(Beginning of Dataset records)
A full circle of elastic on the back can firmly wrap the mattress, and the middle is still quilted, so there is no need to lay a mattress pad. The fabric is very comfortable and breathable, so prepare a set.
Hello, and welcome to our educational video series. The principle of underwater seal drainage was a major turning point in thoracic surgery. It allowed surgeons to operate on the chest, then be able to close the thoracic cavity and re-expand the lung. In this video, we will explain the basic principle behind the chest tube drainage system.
(End of Dataset records)
(Beginning of Dataset records)
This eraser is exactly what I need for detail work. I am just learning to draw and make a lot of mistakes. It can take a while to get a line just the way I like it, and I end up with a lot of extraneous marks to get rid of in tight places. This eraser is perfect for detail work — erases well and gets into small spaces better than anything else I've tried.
(End of Dataset records)
(Beginning of Dataset records)
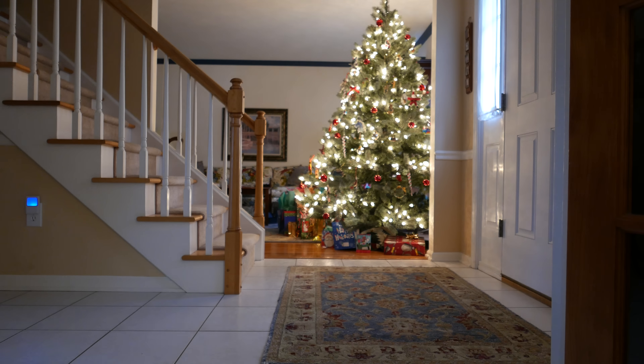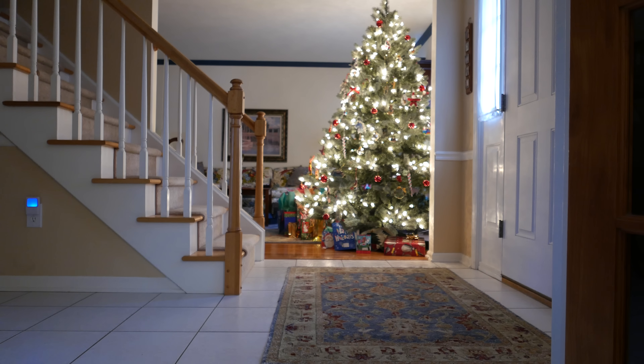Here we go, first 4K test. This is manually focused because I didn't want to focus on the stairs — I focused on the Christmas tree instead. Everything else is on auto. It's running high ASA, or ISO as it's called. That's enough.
(End of Dataset records)
Exercise requirements –
From the material above, copy exactly the lines between the line holding "A full circle" and the line holding "Hello, and welcome", inclusive, and only those.

Exercise answer –
A full circle of elastic on the back can firmly wrap the mattress, and the middle is still quilted, so there is no need to lay a mattress pad. The fabric is very comfortable and breathable, so prepare a set.
Hello, and welcome to our educational video series. The principle of underwater seal drainage was a major turning point in thoracic surgery. It allowed surgeons to operate on the chest, then be able to close the thoracic cavity and re-expand the lung. In this video, we will explain the basic principle behind the chest tube drainage system.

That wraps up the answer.